Комендант крепости Айзекайя Фоулз отправил гонца за речку с докладом. За речкой было тихо, из Нью-Джерси индейцев уже выжили. Заодно было объявлено три дня общественных работ по укреплению стены и заграждений. Запретили ходить в лес поодиночке — хотя, разумеется, этого запрета мало кто из горожан слушался. Фермерам-колонистам было рекомендовано выставлять на ночь караул и вообще держать порох в сухом месте.

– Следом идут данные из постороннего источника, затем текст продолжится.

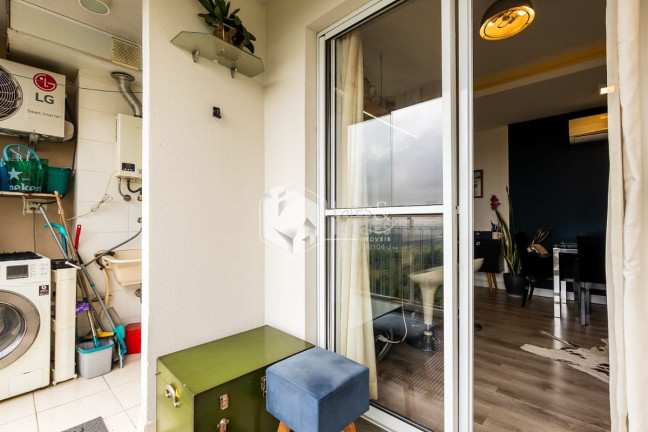 Imagem Apartamento com 2 Quartos à Venda, 53 m² em Saúde - São Paulo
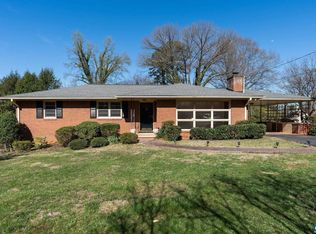 1707 King Mountain Rd, Charlottesville, VA 22901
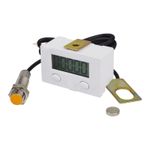 BEM-5C Magnetic Induction Digital Rotary Counter Proximity Switch Sensor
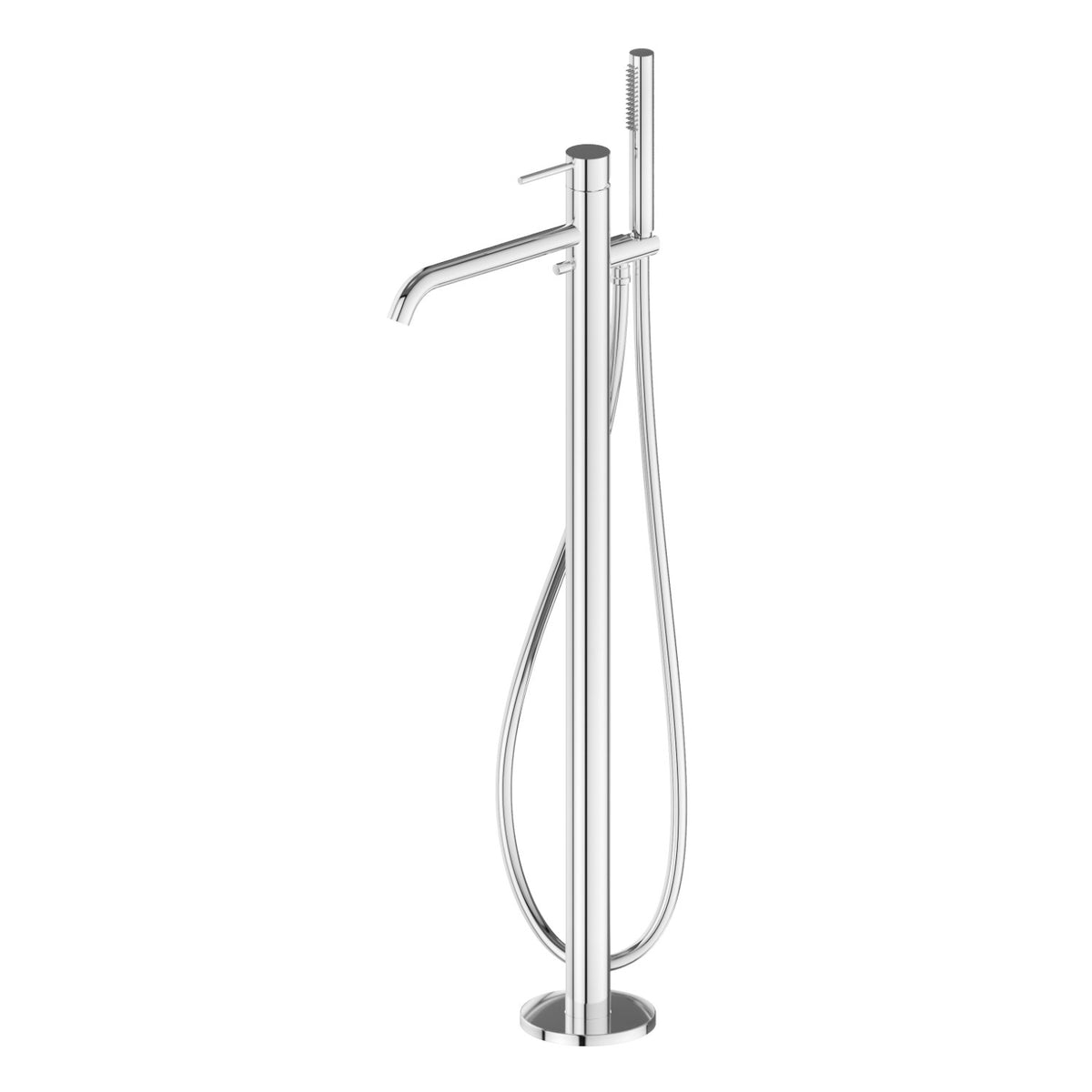 Newform 4278E - Cromo - codice 4278E.21.018
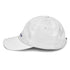Custom Pawcitta Logo Hat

Из-за речки 10 мая приехали трое англичан — подготовить городок к визиту Пенна. Сам основатель колонии появился тремя днями позже со свитой ещё из пяти мужчин. Это был полный добродушный пожилой джентльмен в белом парике, посматривавший на всё вокруг снисходительно, будто не принимая всерьёз все эти игры в освоение Нового Света. Впрочем, он остался доволен и городком, и его окрестностями.
Вместе с комендантом они пытались разговорить раненого, но кроме того, что «это были индейцы, вооружённые ружьями», мало чего добились. Рассказ его был прост: сперва из лесу вышел один краснокожий без оружия; трое ребят поскакали к нему, чтобы «задать перцу», но раздался залп из-за деревьев, и мужской состав поселения в один миг уменьшился на треть. Затем индейцы побежали к домам. Аспиды, по его словам, делали свою работу молча и стреляли как дьяволы. Насчёт их племенной принадлежности поселенец ничего сказать не мог. Пучки крашеных перьев да красные одеяла — вот и всё, что он успел увидеть перед тем как воды сомкнулись над его головой.
— Не много же ты успел увидеть, сынок, — ласково сказал ему адмирал. — Пожалуй, тебя следует повесить, когда твои раны подживут.
— За что?
— За трусость, милый. Ведь ты, похоже, даже ни одного выстрела не сделал?..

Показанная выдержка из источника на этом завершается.